Coppelia offered a mischievous grin, leaning in slightly as she sought to mask her words.

“It's your everyday secret library hidden in the deepest forests of Ouzelia, accessible by invitation only … or knowing where to go. Want me to tell you how to find it?”

I shook my head at once.

“Unnecessary. Should I ever visit your library, it'll be with you leading me at a comfortable pace … which is why I'm curious regarding your response should this Curator ever ask for your return.”

Coppelia dismissed any concerns with a giggle and a flick of her wrist.

“I'm a rebel, you know~? If I'm ever asked to go back, I'd definitely find a way to loiter. At least until I've done what I came here for. It's just easier with official permission.”

“The only permission you require is mine. Any princess would struggle without their retainers, and I'm no exception. My hair is far too complicated to maintain on its own.”

“I mean, I get I do weird things in my sleep sometimes, but I don't think I've ever helped maintain your hair … have I?”

“You haven't. That's another skill to be taught. One higher up the priority list. And until you've performed all your duties admirably, reached a supervisory role and can delegate all responsibility to a band of tearful maids, I will not permit you to leave. I see now that my kingdom is far too vast for me to travel alone.”

“Going by geographic size, it's still the second small–”
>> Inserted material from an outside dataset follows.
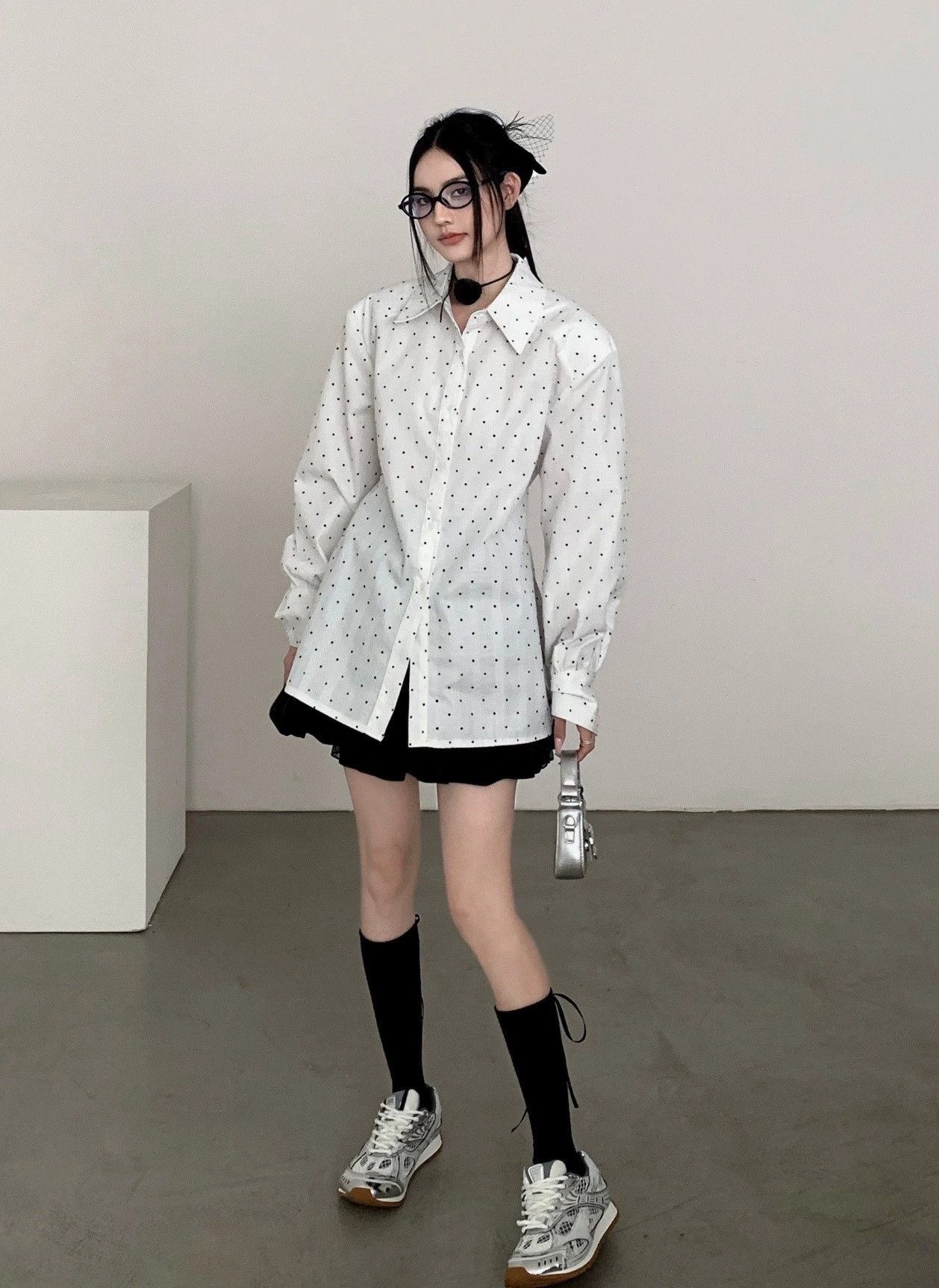 Dior Dior White Logo Hidden Button Shirt Jacket Size US M / EU 48-50 / 2 - 7 Thumbnail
“Shhshhshshhshhh! I-In any case, I wish to make it plainly obvious that you're not to leave my side … f-for any reason! Until I've released you from your future burdens, I expect to see you assisting me with every menial task and petty whim!”
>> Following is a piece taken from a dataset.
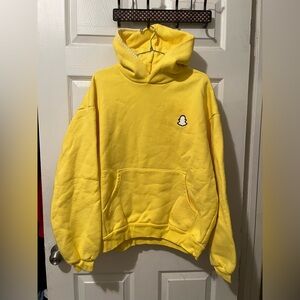 Madhappy Snapchat Oversized Yellow Hoodie Sweatshirt Men's Small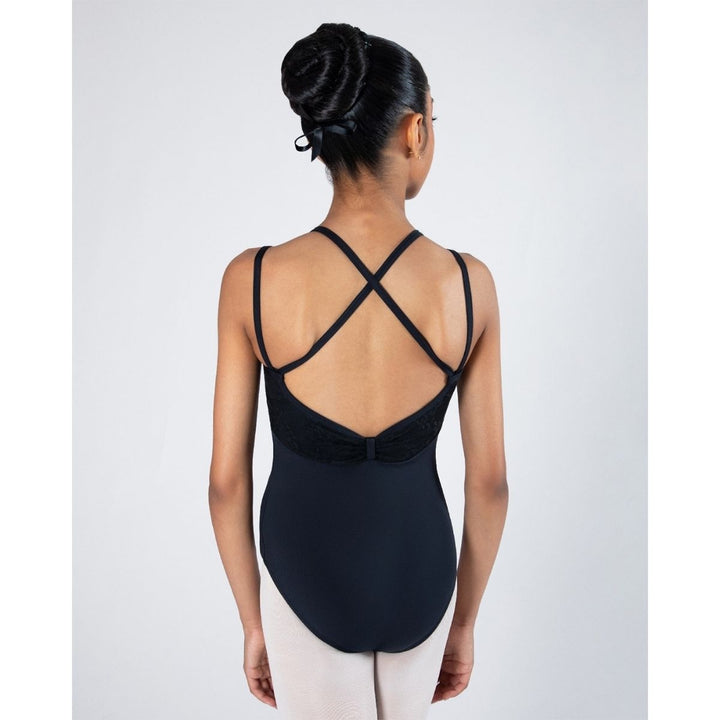 Energetiks Julie Lace Camisole X-Back Leotard Children Sizes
Coppelia gave her most bemused smile yet.

She performed a single hop towards me, then bumped her hip against mine.

As my mouth opened wordlessly to this flagrant assault against my person, she'd already begun skipping away.
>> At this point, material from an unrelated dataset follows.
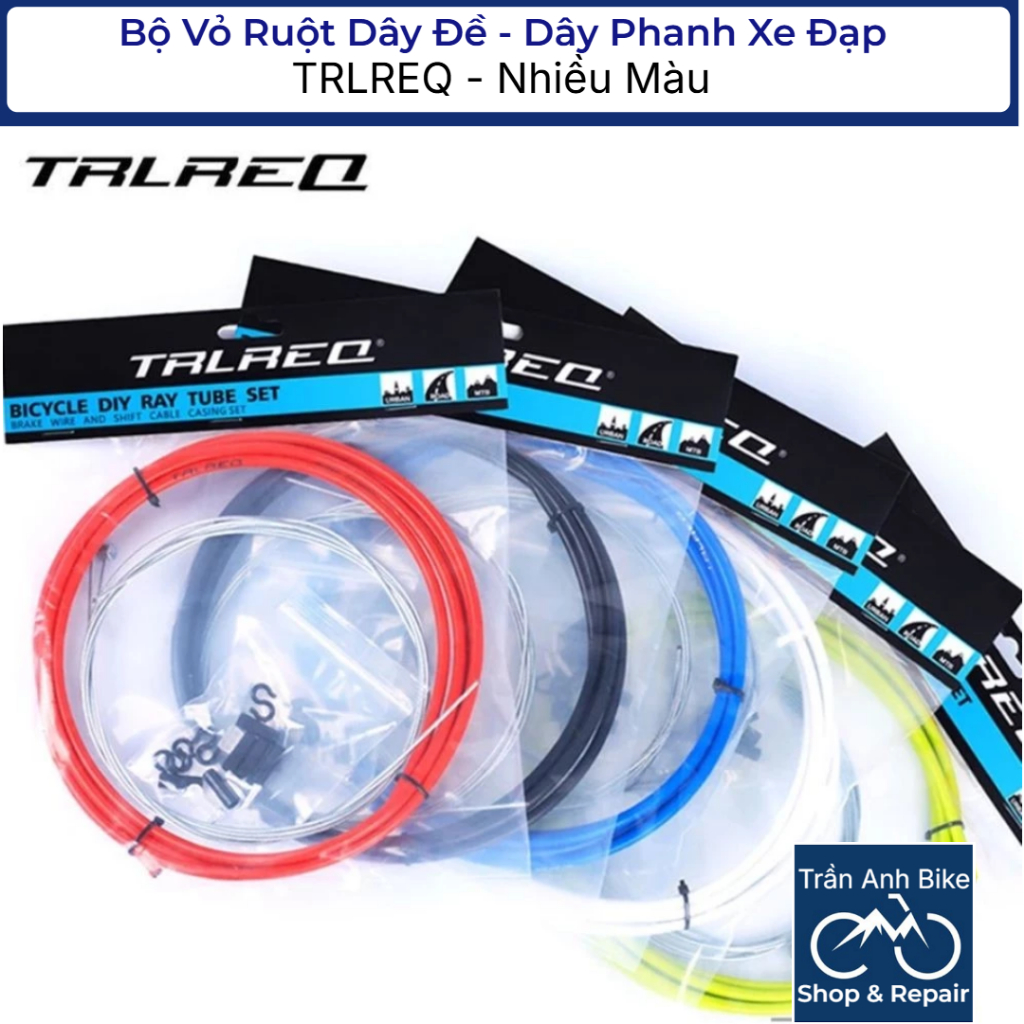 Bộ Vỏ Ruột Dây Đề - Dây Phanh Xe Đạp TRLREQ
“Got it~ I'm not going anywhere. At least not until I've eaten a few more sandwich melts. Do you think they'll sell them at the inns?”

Whistling as much as the halfling, she bounced away down the street.

I waited until I made sure she wasn't turning around, then offered a small smile at her back before following.

Tomorrow would bring a new day. And while I couldn't predict what contrived challenges I would face in my bid to restore my quality of life, I did know one thing.

That I would trample every obstacle before me.

And when I did, I would have my loyal future handmaiden by my side, ready to rescue me, carry me, and laugh with me in that particular order.

And no booming voice could change that.

Because no matter how loud it was, mine was still greater.